Of the 31,000 species occurring in Ireland, only 10% of these species have had a conservation status assessed. Of the species that have been assessed, 1 in 5 species has been threatened with extinction, including 30% of bee species. Additionally, there has been a huge reduction in the biomass of insect life (the quantity of insects in a given area). An overview of Ireland’s species shows that pollinators such as dragonflies, butterflies, and bees are all facing threats of extinction.
Habitat loss is a major culprit for the decline of insect populations worldwide. The drastically-reduced amount of flowers and nesting sites in our landscapes is a critical factor as to why bee species are threatened with extinction. Semi-natural farms are being replaced with huge fields for more intensive agriculture, and these fields are unable to sustain diverse species. Additionally, the increased use of fertilisers and pesticides on grazing lands destroy wildflowers that pollinators are dependent on.

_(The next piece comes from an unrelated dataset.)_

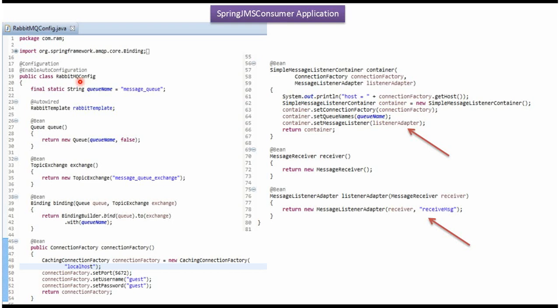Here I have defined the class RabbitMQConfig — it is a configuration class. The Spring container reads this configuration class and creates a queue object, topic exchange object, binding object, connection factory object, SimpleMessageListenerContainer object, MessageReceiver object, and MessageListenerAdapter object. To create the MessageListenerAdapter, we have to specify which class is going to receive the message — in our case, it is MessageReceiver, which has the receiveMessage method. To create the SimpleMessageListenerContainer, we have to specify the connection factory object, queue name, and listener adapter.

“Traditional manicured lawns are devoid of the biodiversity needed to protect insects.”
Similarly, traditional manicured lawns are devoid of the biodiversity needed to protect insects. Professor Jane Stout, from Trinity’s Department of Botany and the Deputy Chair of AIPP, states that “most neatly manicured lawns contain a single species of grass, cut short to prevent it flowering. Other flowering plants are exterminated and removed. So they provide little or no resources for pollinators, like bees and other insects, who need plants in flower to collect nectar and pollen from, and bare earth patches to make their nests in.”
“If lawns are heavily managed (treated with chemicals for example), this can have adverse effects on any insects living in the soil,” Stout continues. By replacing the lawns on College Green with wildflower meadows, Trinity is helping replenish food sources and habitats for pollinators.

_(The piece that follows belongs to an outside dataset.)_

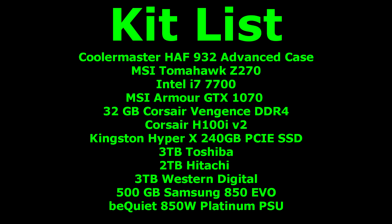Here is my entire kit list from my build. We have the Cooler Master HAF 932 Advanced Case. Nice big EATX case. An MSI Tomahawk Z270. An Intel i7-7700. An MSI Armour GTX 1070. I know it's an AMD board but I've installed an Nvidia GPU but that's fine. 32GB Corsair Vengeance DDR4. Corsair H100i V2. Kingston HyperX 240GB PCI Express SSD. A 3TB Toshiba. A 2TB Hitachi. Another 3TB Western Digital. And a 500GB Samsung 850 EVO. All on my Be Quiet 850W Platinum power supply.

Wildflower meadows enhance landscape heterogeneity by introducing a multitude of diverse flowers. This helps provide a sanctuary for pollinators, allowing for them to take in nectar without the risk of predators or pesticides.
“These wildflower meadows will be left untouched over the winter months, and bloom freely from spring through to autumn. “
Many flowers planted are of Irish origin, and certain flowers such as Oxeye daisy, cowslip, and wild carrot will come up at different times, allowing for a sequence of flowering that will provide pollinating insects with nectar throughout the seasons. These wildflower meadows will be left untouched over the winter months, and bloom freely from spring through to autumn.

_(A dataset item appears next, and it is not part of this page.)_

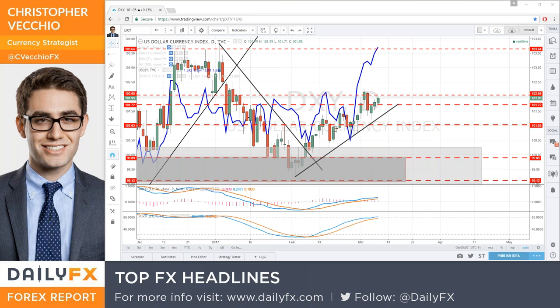Good morning traders, my name is Christopher Vecchio, Senior Currency Strategist with DailyFX. Today is Wednesday, March 8th, 2017. I think it will take you through the next 30 minutes or so to discuss this week's Trading Q&A — really a user-generated session, so the more questions you have, the more answers I will give. Otherwise, I have some ideas I want to share over the next 20 or 30 minutes.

Trinity’s plan is not limited to just growing wildflowers; in addition to this, the Trinity Action Plan includes creating nesting spaces for bees, allowing them to thrive in safe habitats. Areas of long grass will not be mowed in hopes of providing sites where bumblebees can nest, and a bare earth bank will be placed on Nassau St edge, which provides a habitat for nesting bees. These areas will be kept bare to encourage future nesting. Trinity will also be eliminating the use of insecticide, and only be using herbicide to maintain sports pitches.
“We can already see a difference on campus – several areas of lawn have been converted to “wildflower” areas, with reduced mowing, and lots of different plant species flowering through the season,” says Stout.
“This provides a much better variety of resources for pollinators and other invertebrates; many of whom, like us, need diversity in their diets and saves energy and money on regular mowing. And the living wall on the new Business School contains flowering plant species that bees like.”
The Trinity Campus Pollinator Plan is a small, though necessary part in ensuring that the biodiversity in Ireland can be increased.